WHAT THIS TASK INVOLVES.
Leaving the pictures aside, transcribe the data below exactly.

GIVEN MATERIAL.
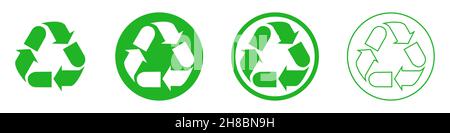 Icona di riciclo. Set di cartelli triangolari eco-riciclabili. Illustrazione vettoriale. Etichetta di riciclaggio Illustrazione Vettoriale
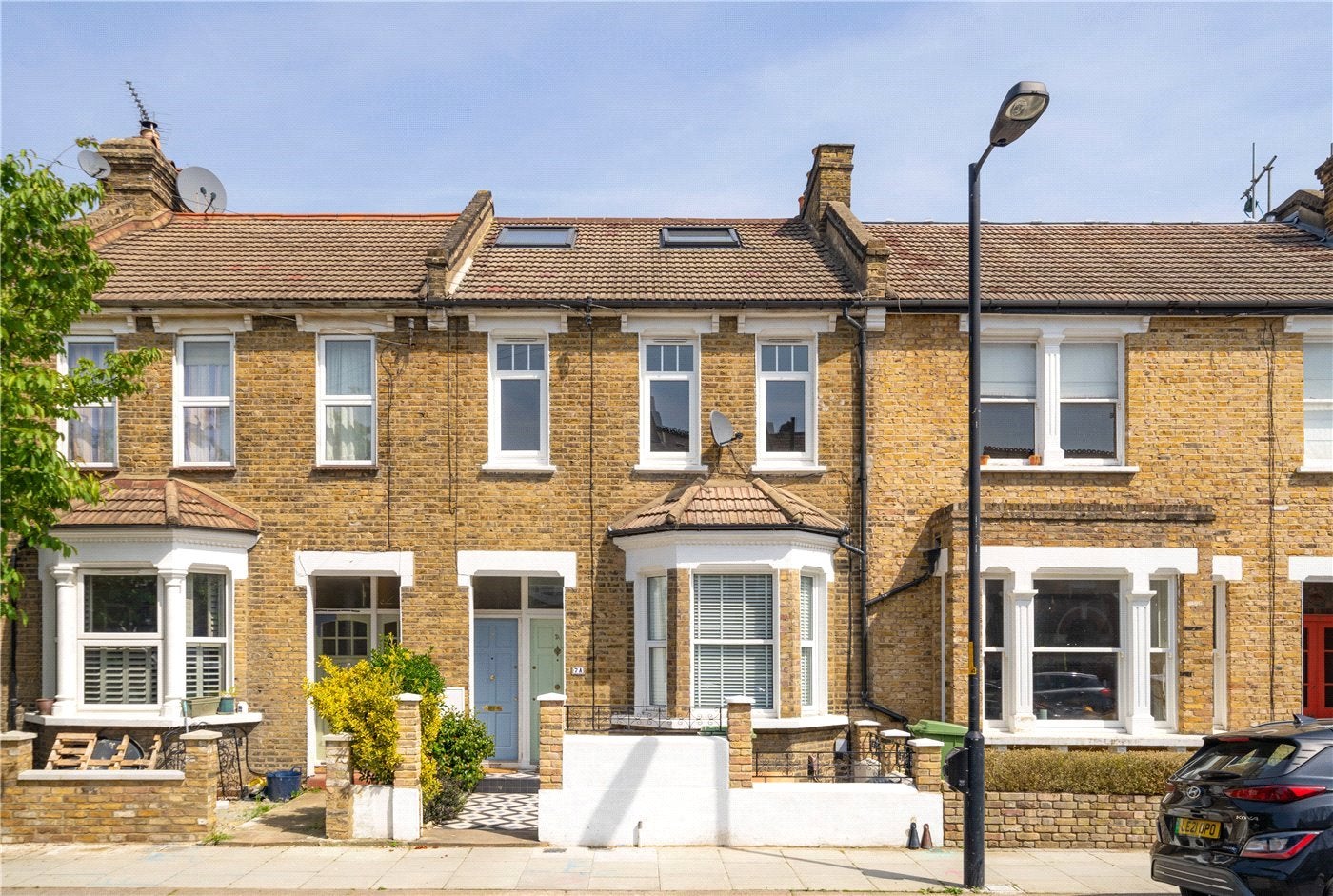 Flat Crebor Street in Greater London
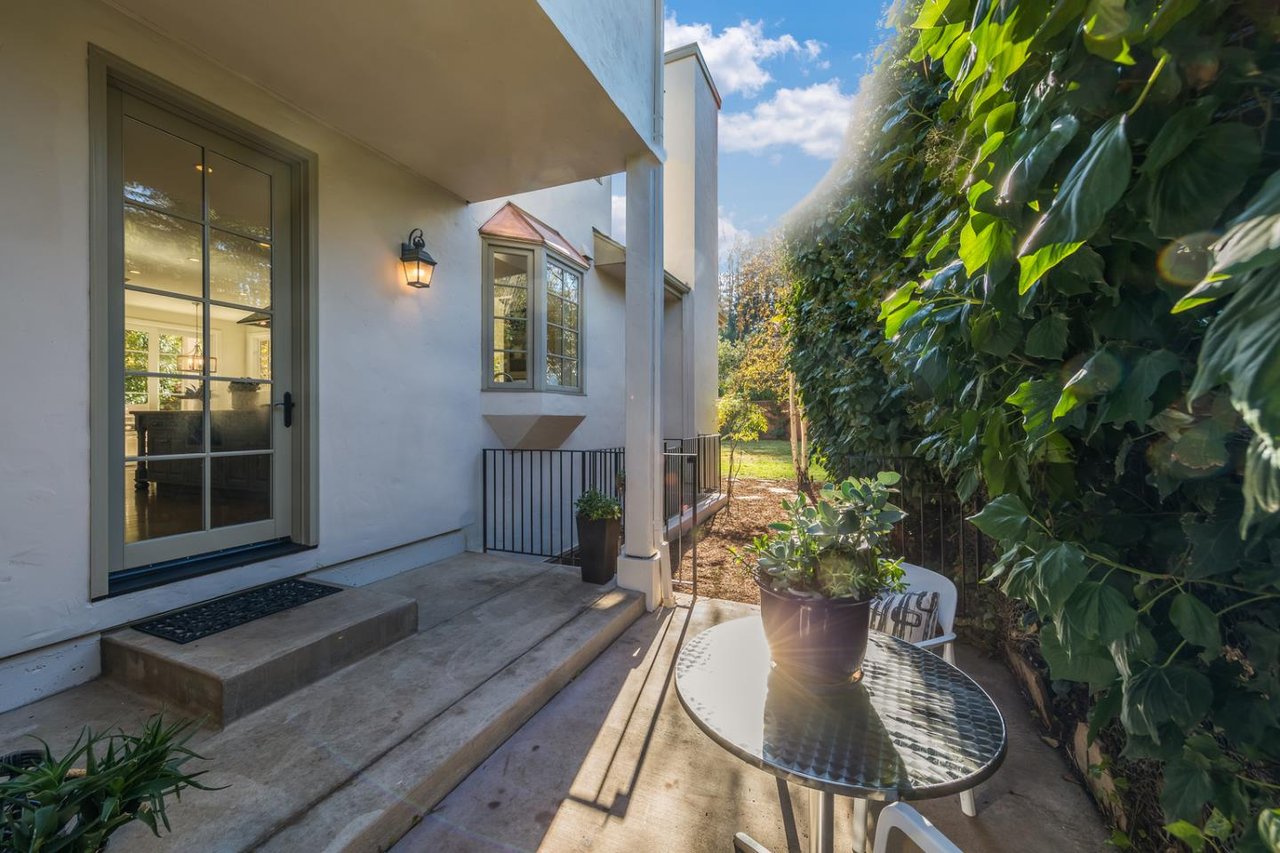 625 Cotton Street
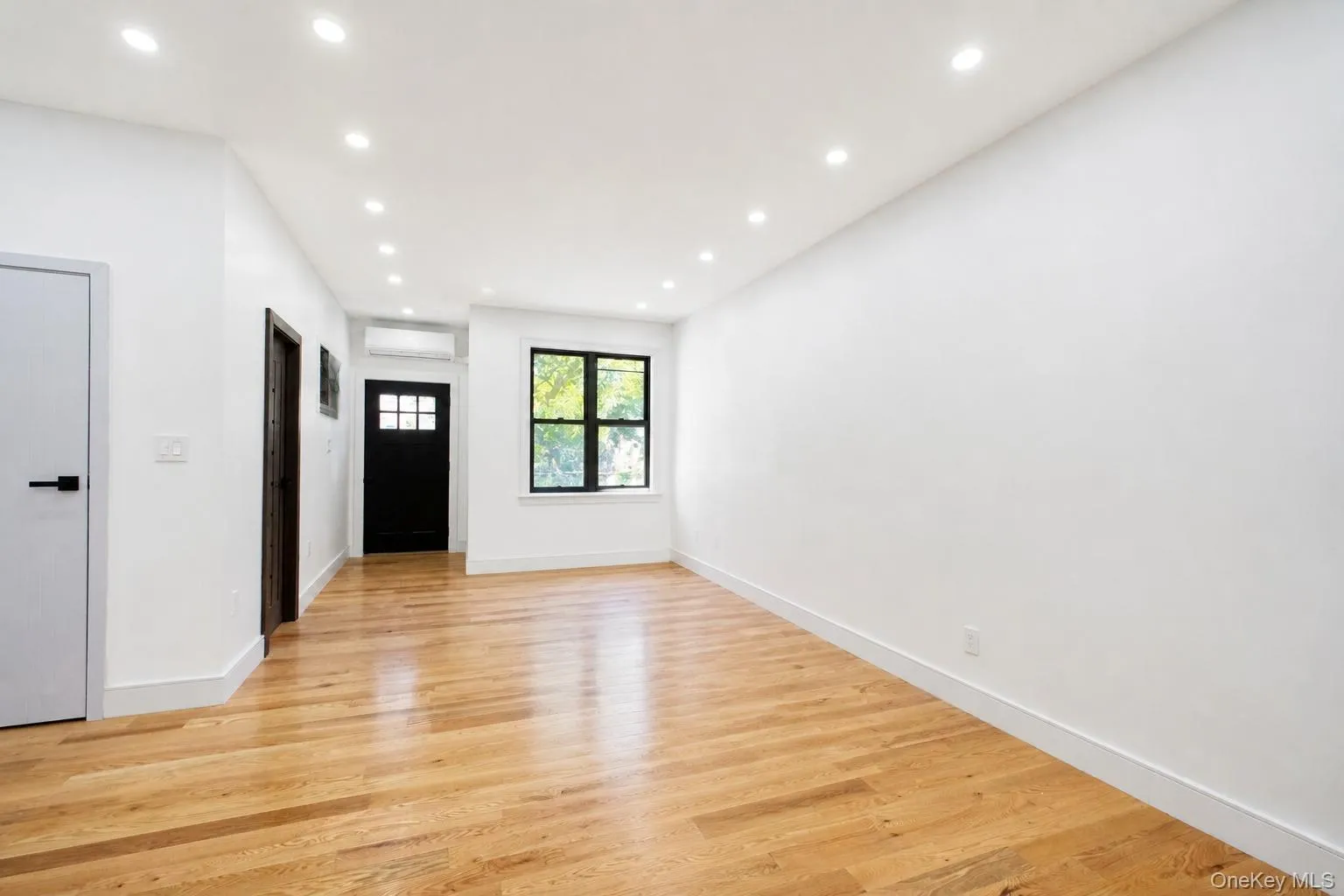 1194 Albany Avenue, New York, NY, 6 Bedrooms Bedrooms, 11 Rooms Rooms,2 BathroomsBathrooms,Residential,For Rent,Albany,0,1051548 1194 Albany Avenue, New York, NY, 6 Bedrooms Bedrooms, 11 Rooms Rooms,2 BathroomsBathrooms,Residential,For Rent,Albany,0,1051548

REPLY TO THE EXERCISE.
 Icona di riciclo. Set di cartelli triangolari eco-riciclabili. Illustrazione vettoriale. Etichetta di riciclaggio Illustrazione Vettoriale
 Flat Crebor Street in Greater London
 625 Cotton Street
 1194 Albany Avenue, New York, NY, 6 Bedrooms Bedrooms, 11 Rooms Rooms,2 BathroomsBathrooms,Residential,For Rent,Albany,0,1051548 1194 Albany Avenue, New York, NY, 6 Bedrooms Bedrooms, 11 Rooms Rooms,2 BathroomsBathrooms,Residential,For Rent,Albany,0,1051548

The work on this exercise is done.